EXERCISE: Copy nothing but the lines running from the one containing "2013 Ford Fiesta" through the end of the listing below. Drop the pictures.

*** DATA TO EXAMINE

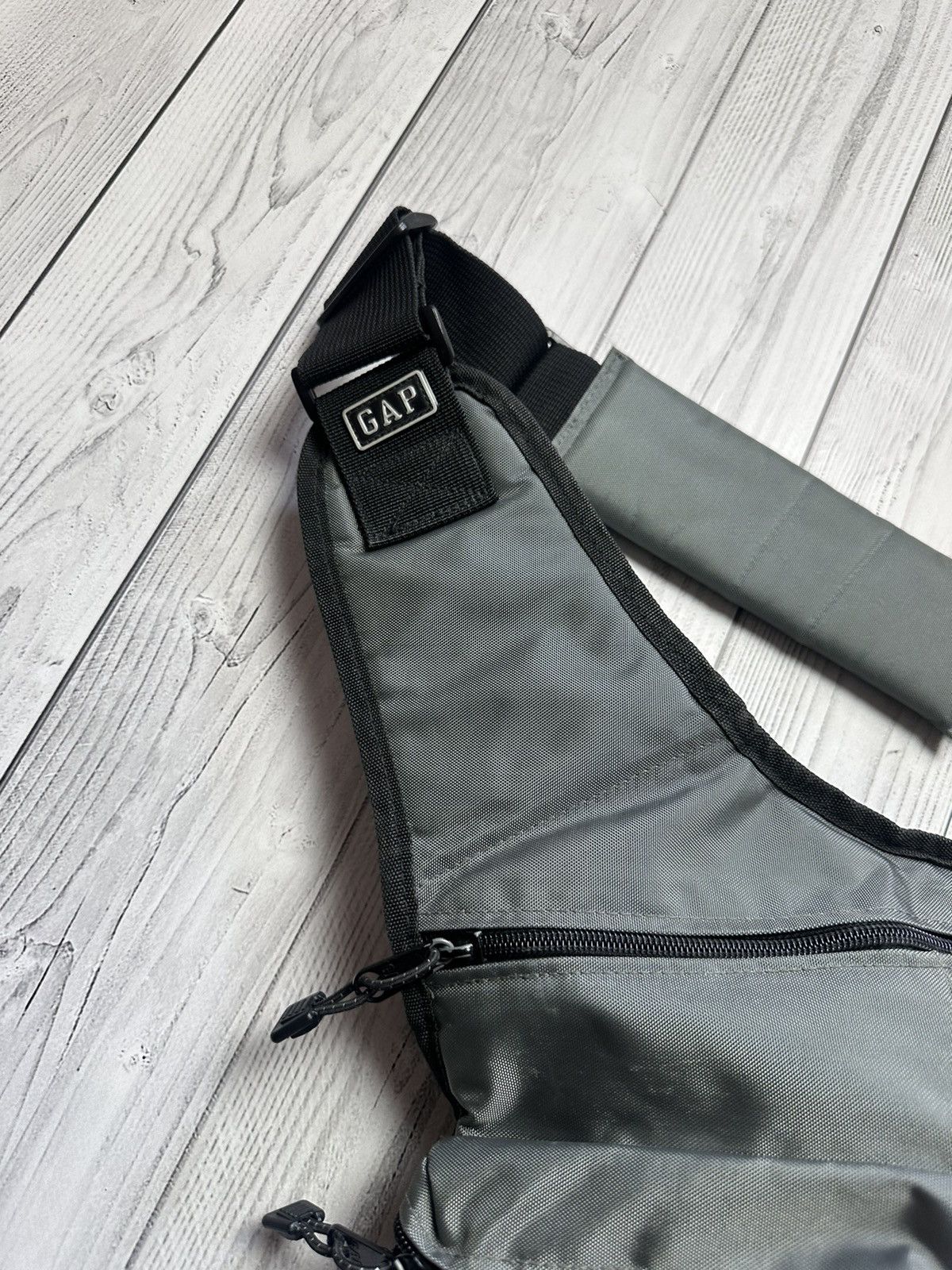 Gap × Vintage gap sling bag avant-garde multiple pocket rare Y2K Size ONE SIZE - 9 Thumbnail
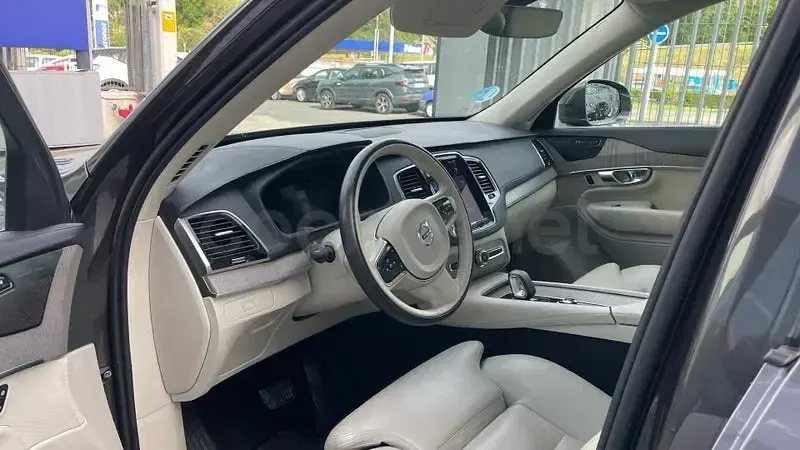 Occasion Volvo XC90 Plus 235 ch (172 kW) 2023 Gris SUV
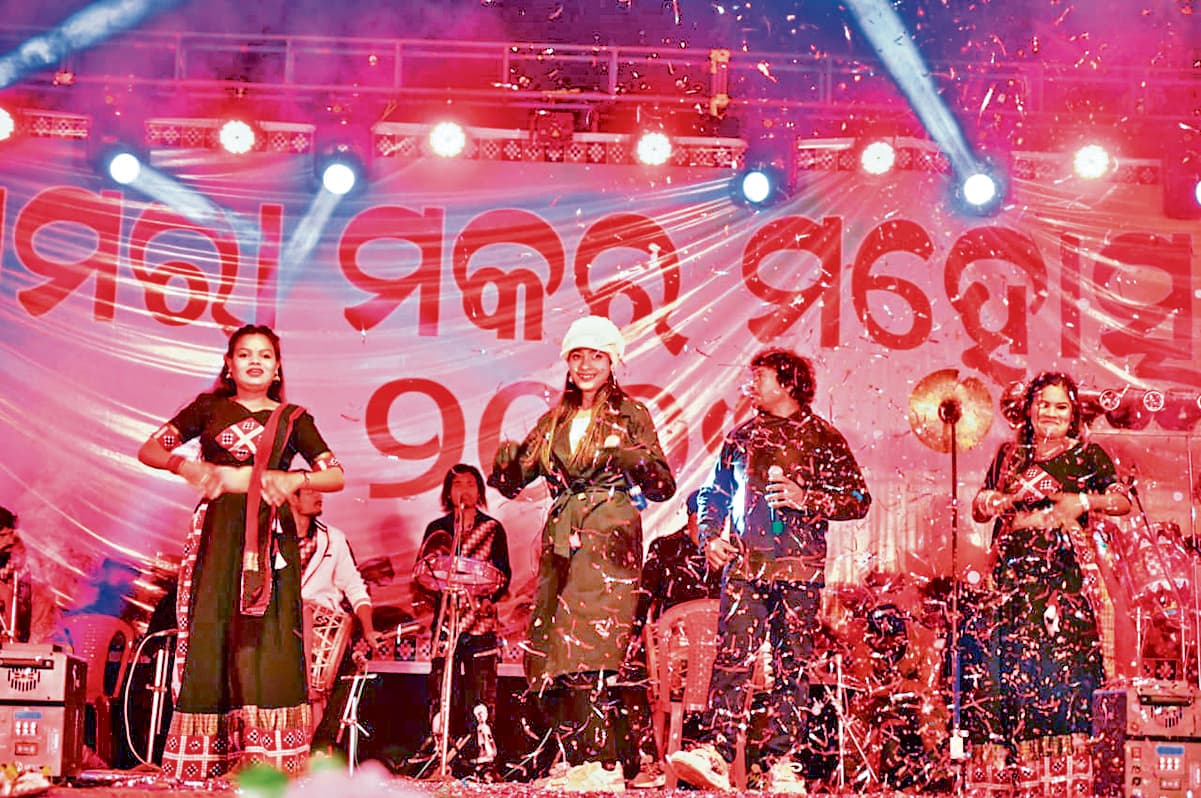 Sambalpur News: बामड़ा मकर महोत्सव में अर्चना पाढ़ी के गीतों पर देर रात तक झूमते रहे लोग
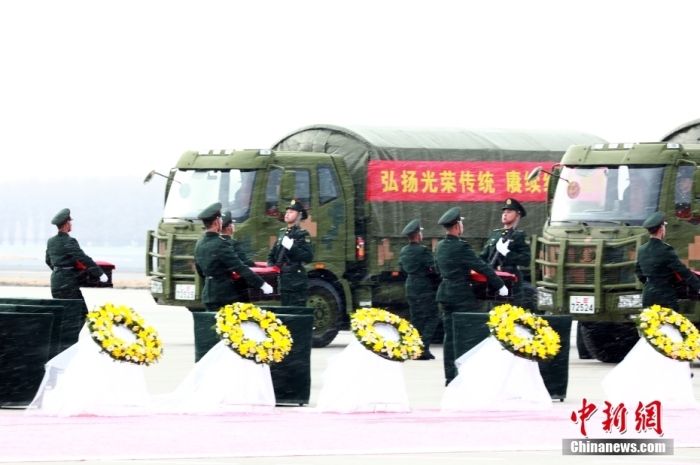 2023年11月23日，辽宁沈阳，第十批在韩中国人民志愿军烈士遗骸迎回仪式在沈阳桃仙国际机场举行。25名中国人民志愿军烈士遗骸及335件遗物搭乘运-20专机回国。图/CNSphoto 马强 摄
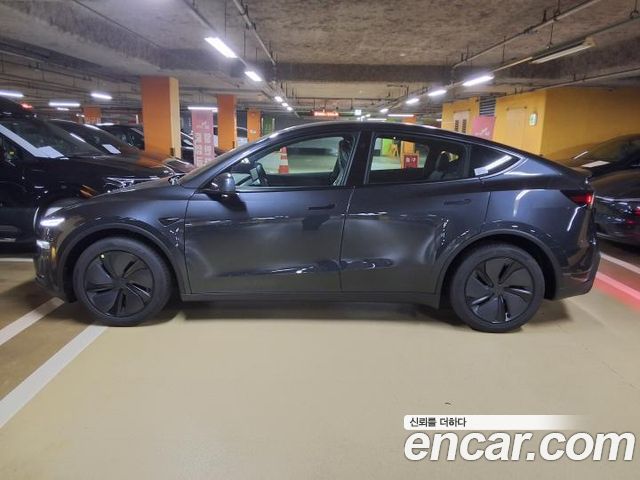Tesla Model Y Premium RWD — пробег 8 км — фото 5 из 5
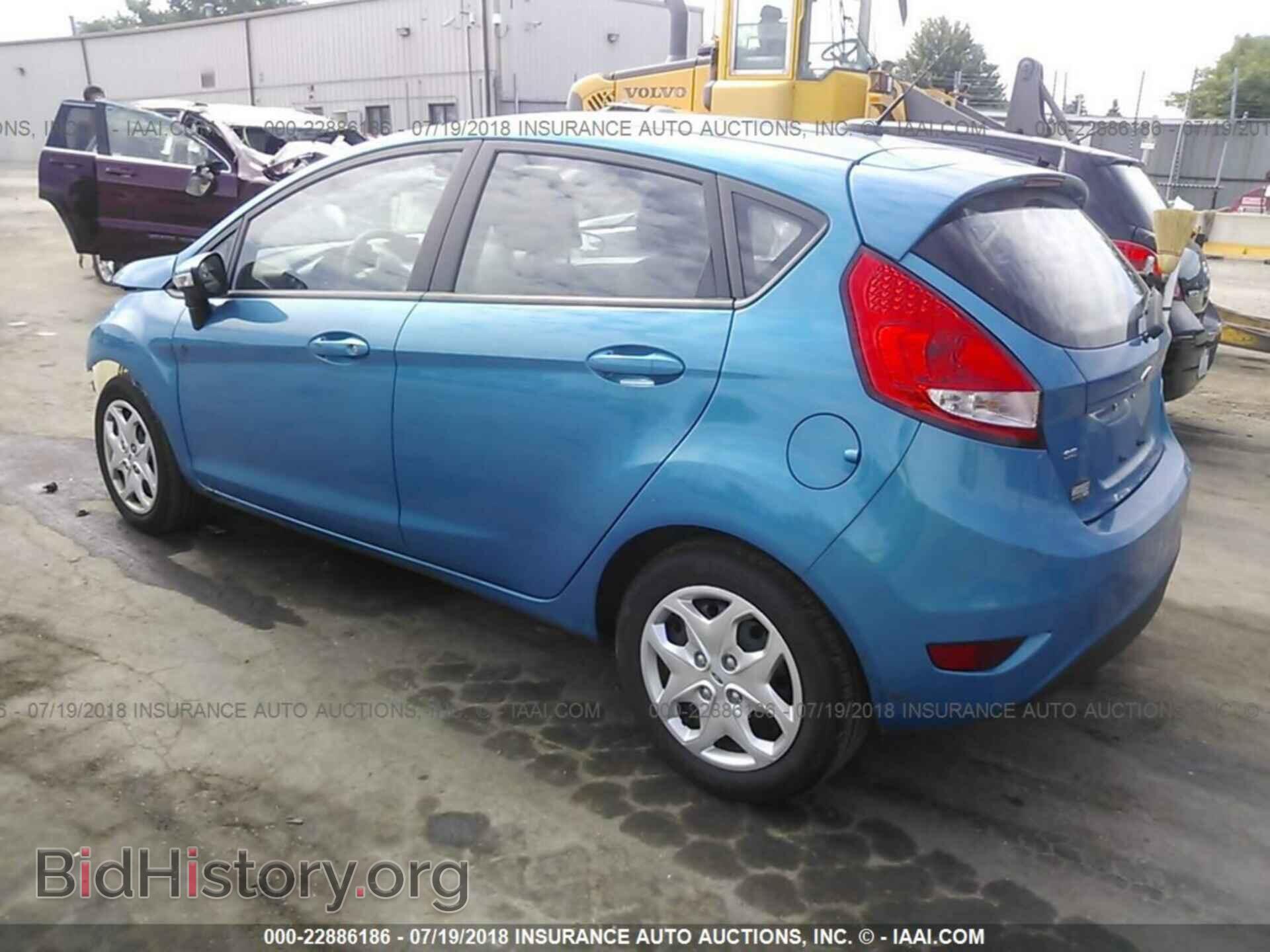 2013 Ford Fiesta - VIN: 3FADP4EJ3DM136587 - Photo 3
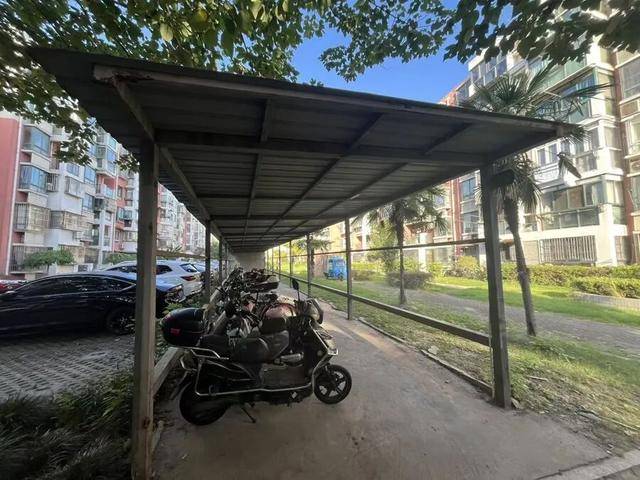 上海居民投訴后傻眼：只拆了一半！小區(qū)綠化被大量鐵皮房霸占，還有人??？居民直指小區(qū)公共收益疑云:西鳳酒
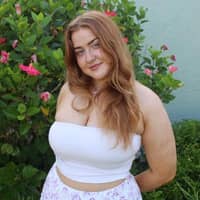 Sitter Profile Image: Isadora G.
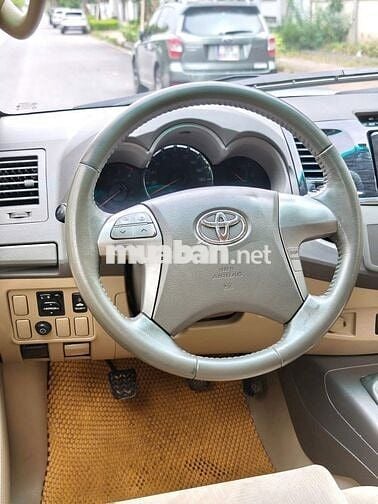 Toyota Fortuner 2.5G MT số sàn sản xuất 2013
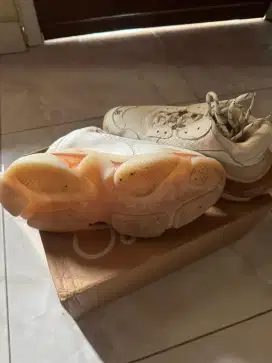 Sepatu Balenciaga Triple S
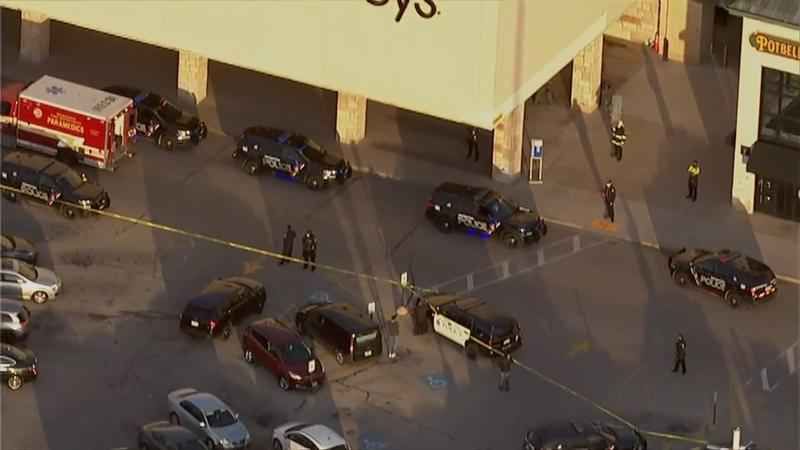 8 Injured In Shooting At US Mall In Wisconsin, Gunman Missing
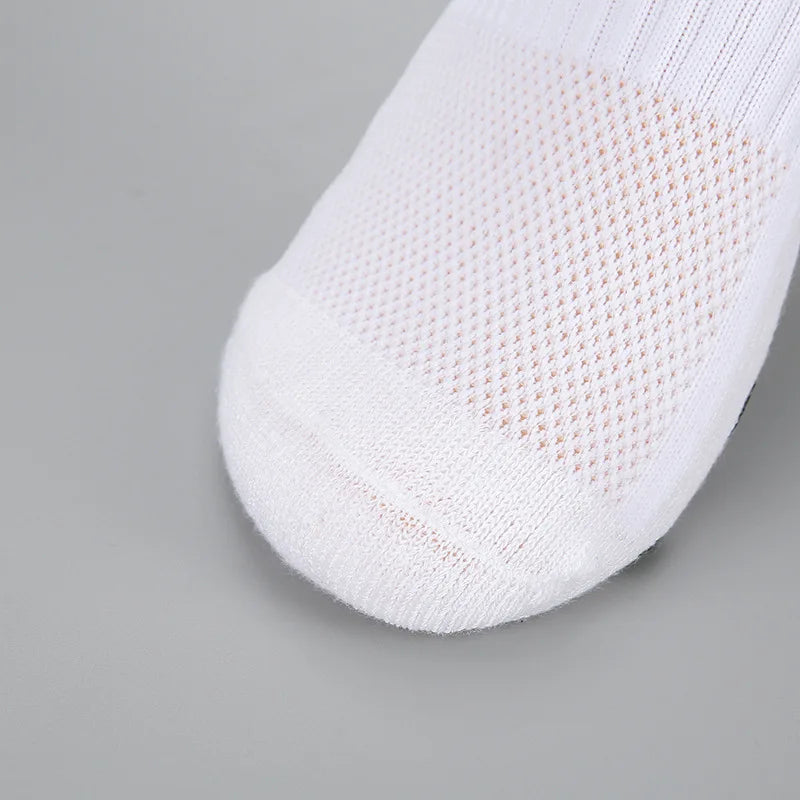 Comfortable Breathable Non-slip Football Socks Men Women Sports Socks Running Football Tennis Basketball Cycling Grip Socks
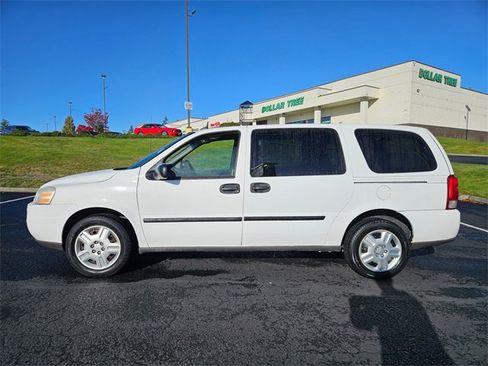 Used 2008 Chevrolet Uplander w/ Climate Package image 6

******

ANSWER BELOW:
 2013 Ford Fiesta - VIN: 3FADP4EJ3DM136587 - Photo 3
 上海居民投訴后傻眼：只拆了一半！小區(qū)綠化被大量鐵皮房霸占，還有人??？居民直指小區(qū)公共收益疑云:西鳳酒
 Sitter Profile Image: Isadora G.
 Toyota Fortuner 2.5G MT số sàn sản xuất 2013
 Sepatu Balenciaga Triple S
 8 Injured In Shooting At US Mall In Wisconsin, Gunman Missing
 Comfortable Breathable Non-slip Football Socks Men Women Sports Socks Running Football Tennis Basketball Cycling Grip Socks
 Used 2008 Chevrolet Uplander w/ Climate Package image 6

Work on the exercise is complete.